═══ EXTRACTED DATA ═══
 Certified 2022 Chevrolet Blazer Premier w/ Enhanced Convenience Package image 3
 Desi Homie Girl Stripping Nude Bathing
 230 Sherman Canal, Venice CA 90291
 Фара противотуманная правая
═══
═══ EXTRACTED DATA ═══
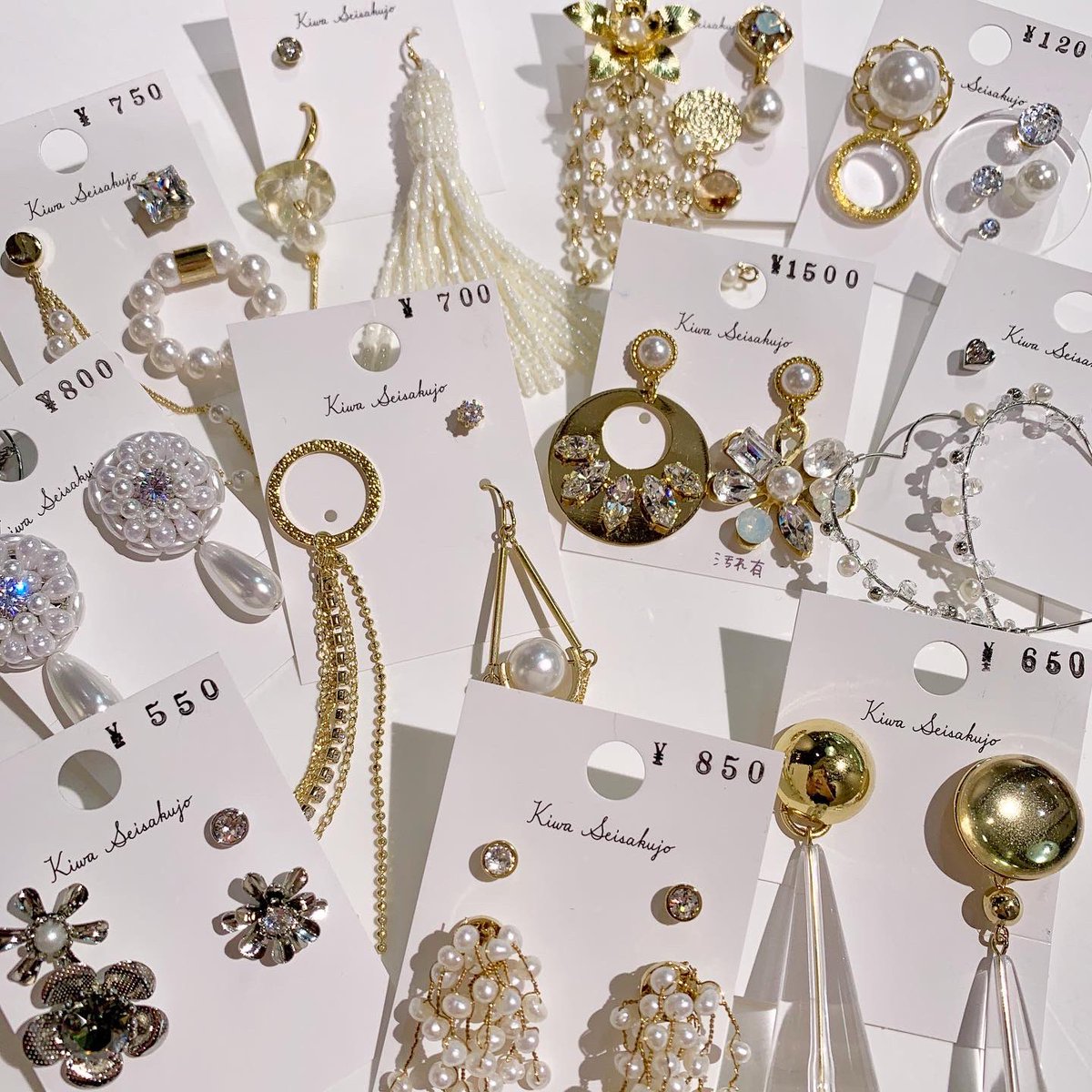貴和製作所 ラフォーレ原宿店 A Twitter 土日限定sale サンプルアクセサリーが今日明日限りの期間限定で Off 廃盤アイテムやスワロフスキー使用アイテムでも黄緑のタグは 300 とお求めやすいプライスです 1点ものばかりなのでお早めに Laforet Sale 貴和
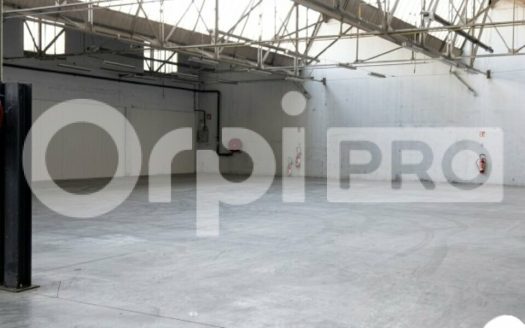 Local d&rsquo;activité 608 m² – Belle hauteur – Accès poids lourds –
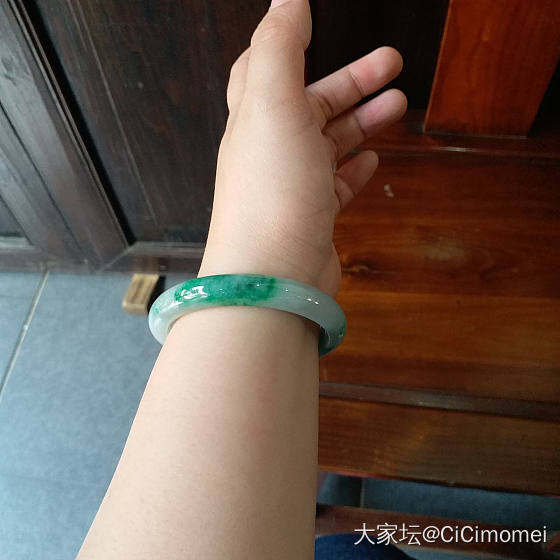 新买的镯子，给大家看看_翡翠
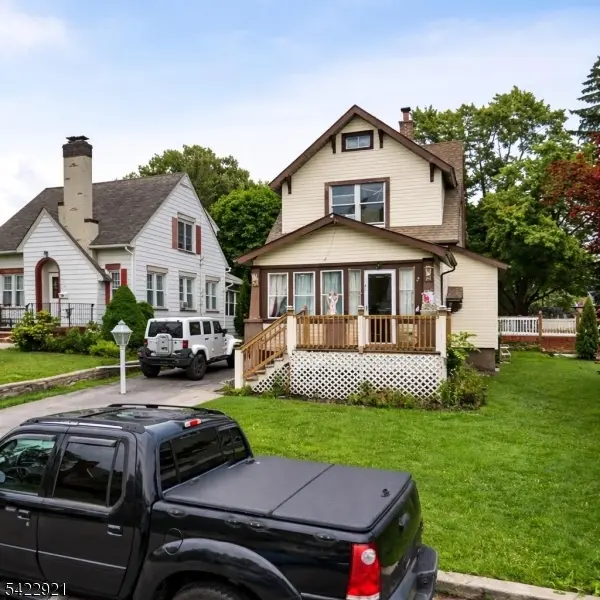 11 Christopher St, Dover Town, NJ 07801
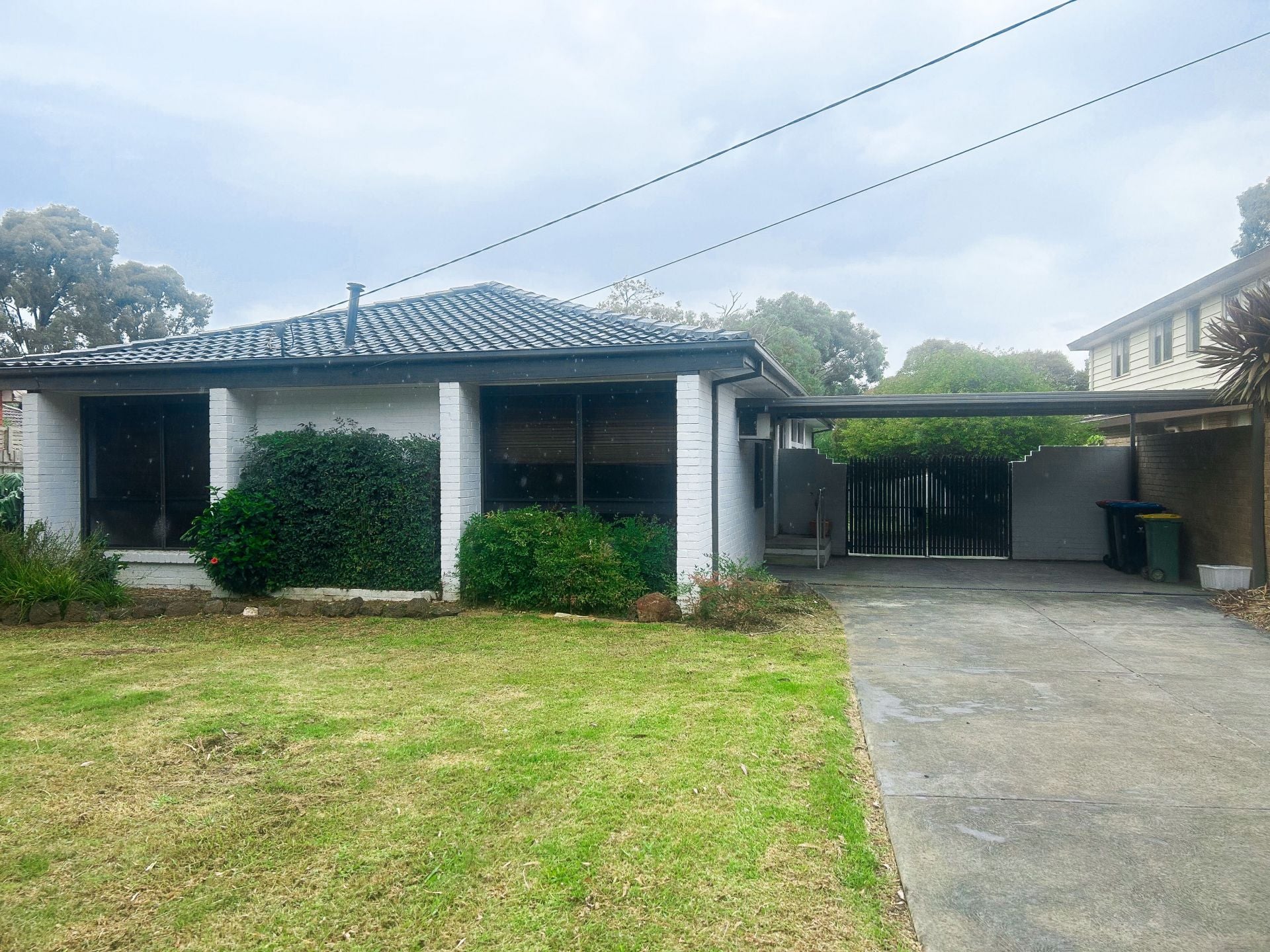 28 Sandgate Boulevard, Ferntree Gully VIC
═══
TASK TO CARRY OUT:
In the listing above, find the line with "11 Christopher St, Dover Town, NJ 07801" and the line with "28 Sandgate Boulevard, Ferntree Gully VIC". Set down both and every line between them, minus the pictures.

SOLUTION TO THE EXERCISE:
 11 Christopher St, Dover Town, NJ 07801
 28 Sandgate Boulevard, Ferntree Gully VIC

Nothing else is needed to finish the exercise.